Records for the task below:

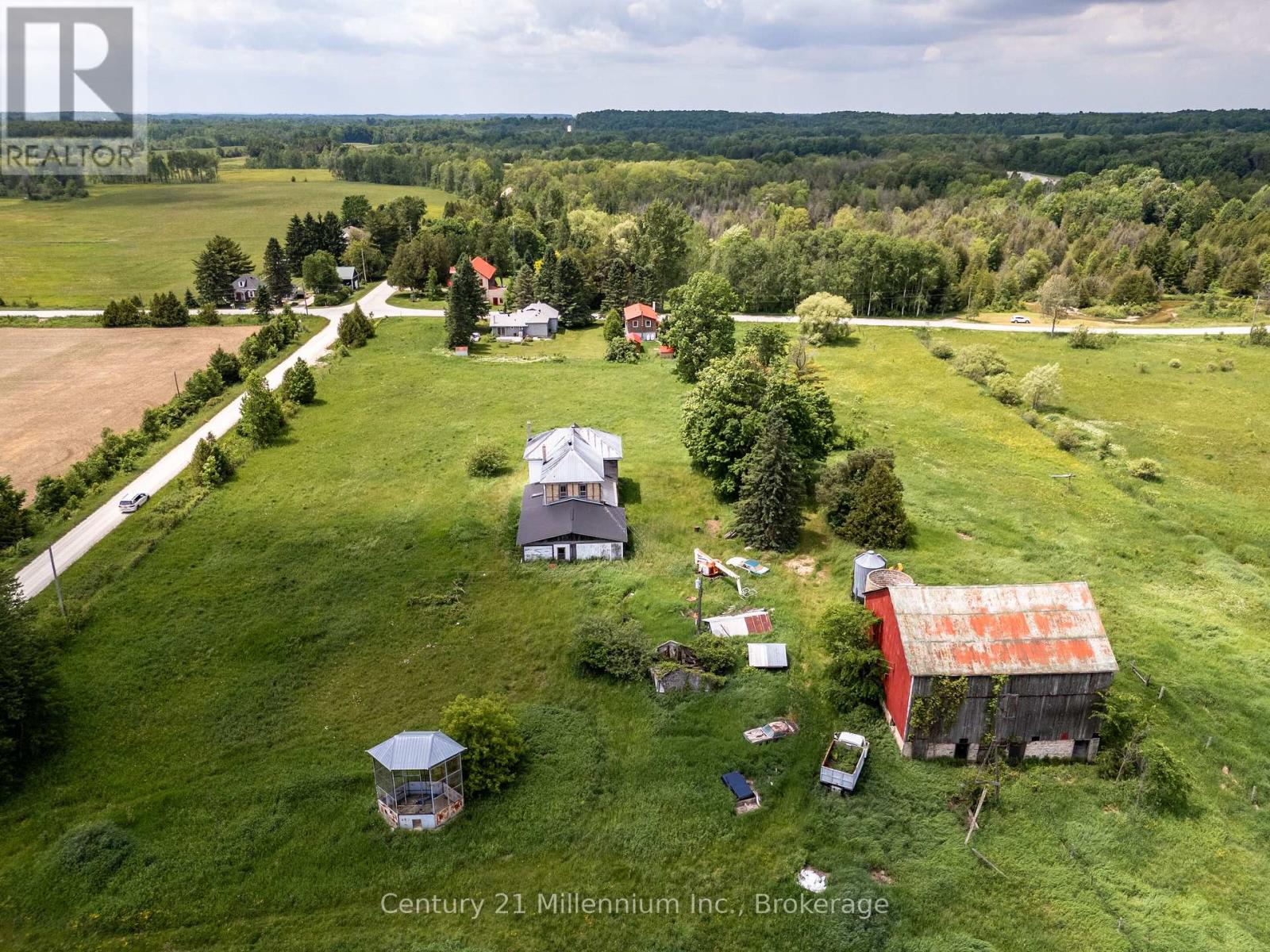 135389 Concession 8 Road, Chatsworth, Ontario N0H 1K0 - Photo 30 - X12551506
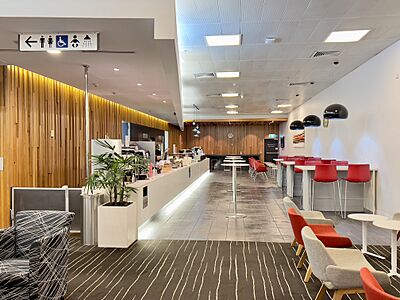 Qantas Club Gold Coast Airport, 2022, 03
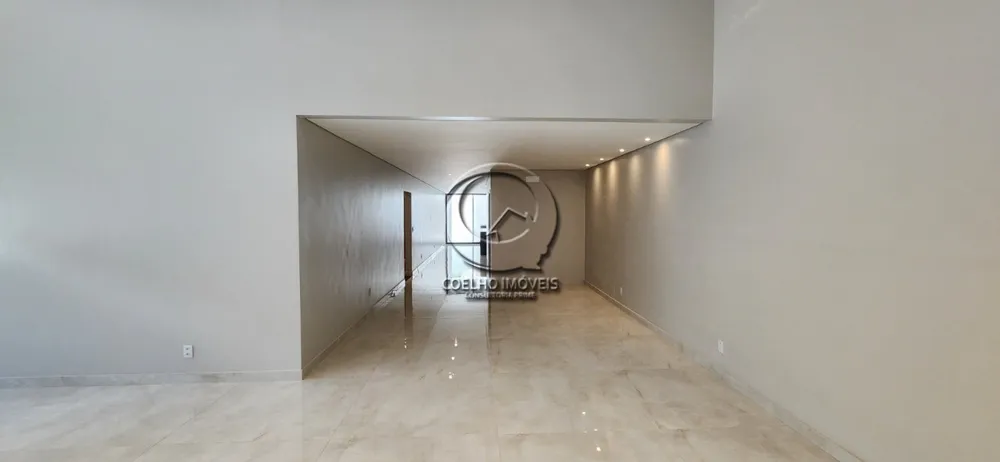 Casa, 3 quartos, 270 m² - Foto 1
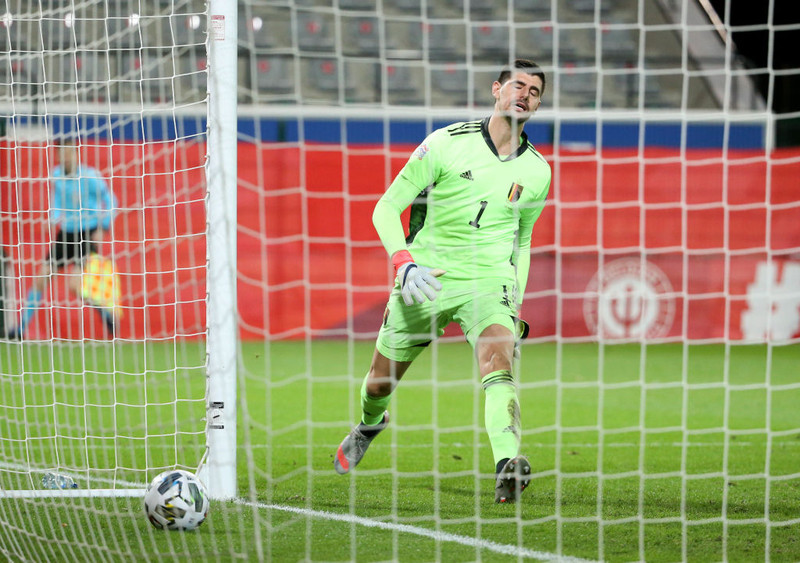 Sjáðu hrikalegt sjálfsmark Belga - Courtois sökudólgurinn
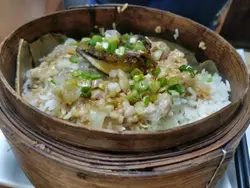 鮑魚花膠肉餅荷葉籠仔蒸飯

End of Records for the task.

#### What to work on:
The expected output is the complete listing, word for word, without any picture.

#### Solution to the problem:
 135389 Concession 8 Road, Chatsworth, Ontario N0H 1K0 - Photo 30 - X12551506
 Qantas Club Gold Coast Airport, 2022, 03
 Casa, 3 quartos, 270 m² - Foto 1
 Sjáðu hrikalegt sjálfsmark Belga - Courtois sökudólgurinn
 鮑魚花膠肉餅荷葉籠仔蒸飯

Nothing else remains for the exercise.